▶ DATASET EXCERPT:
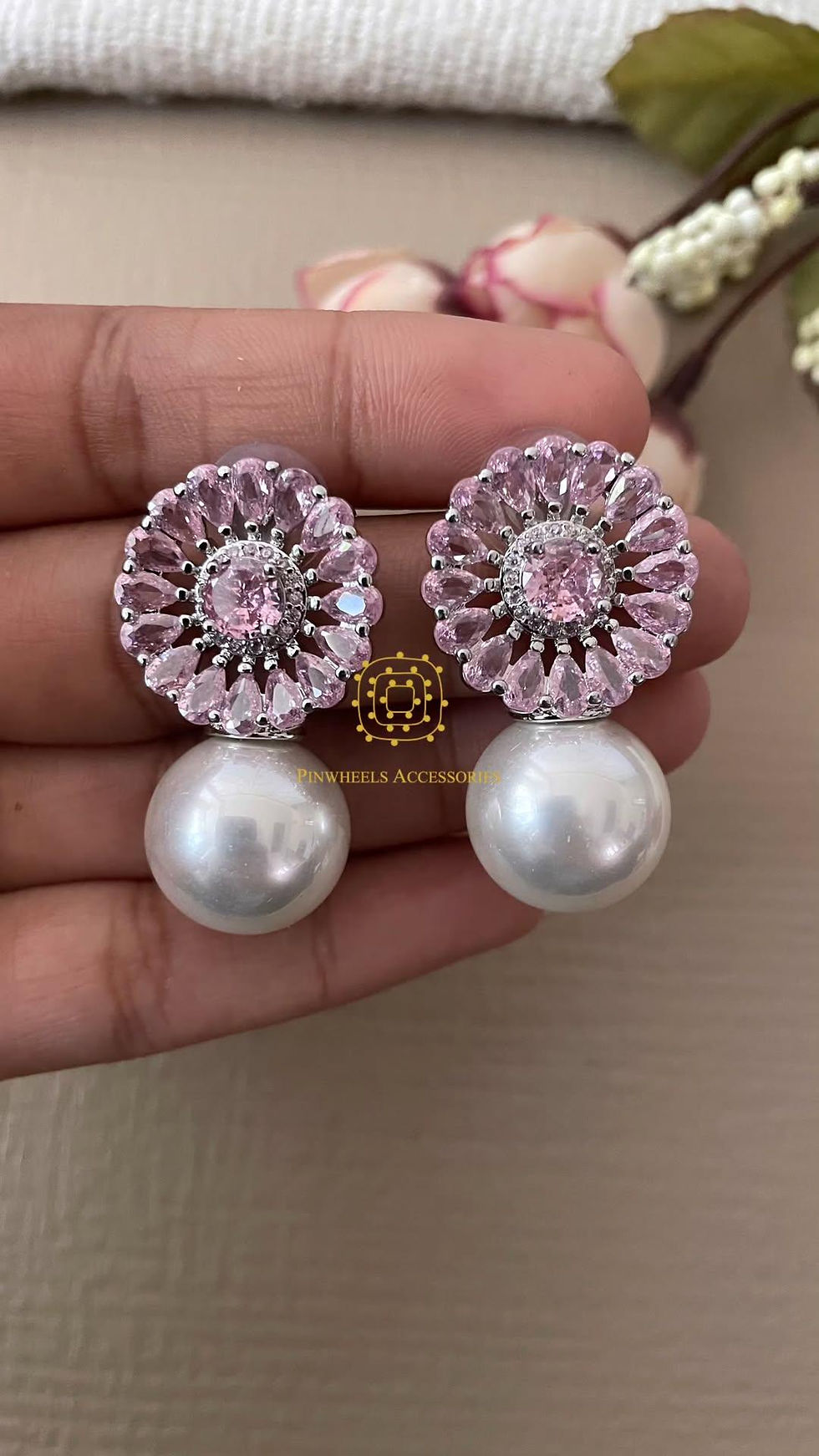Thumbnail: COLOURED STONE PEARL STUDS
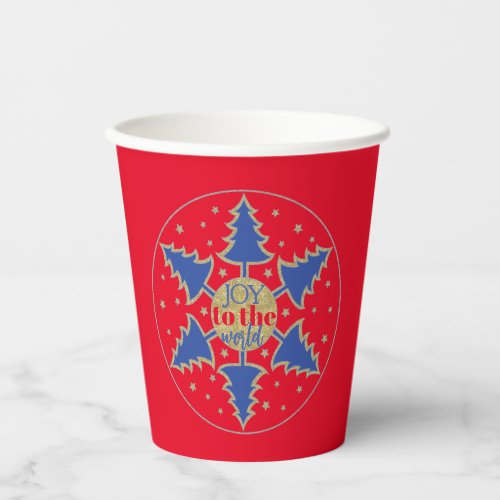 Christmas Circle of Blue Trees Paper Cups
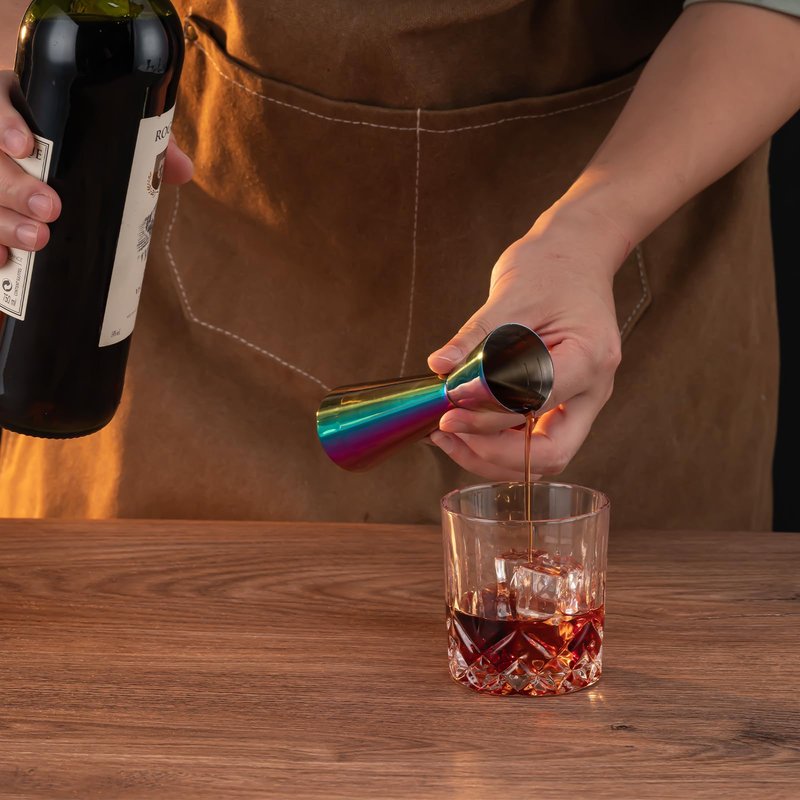 Briout Jigger for Bartending, Double Cocktail Jigger Japanese Premium 304 Food Grade Stainless Steel Jigger 2 OZ 1 OZ with Measurements Inside, Flat Edge Rainbow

▶ EXERCISE DIRECTIONS: Keep the pictures out, and write out the rest of the data above word for word.

▶ ANSWER AREA:
Thumbnail: COLOURED STONE PEARL STUDS
 Christmas Circle of Blue Trees Paper Cups
 Briout Jigger for Bartending, Double Cocktail Jigger Japanese Premium 304 Food Grade Stainless Steel Jigger 2 OZ 1 OZ with Measurements Inside, Flat Edge Rainbow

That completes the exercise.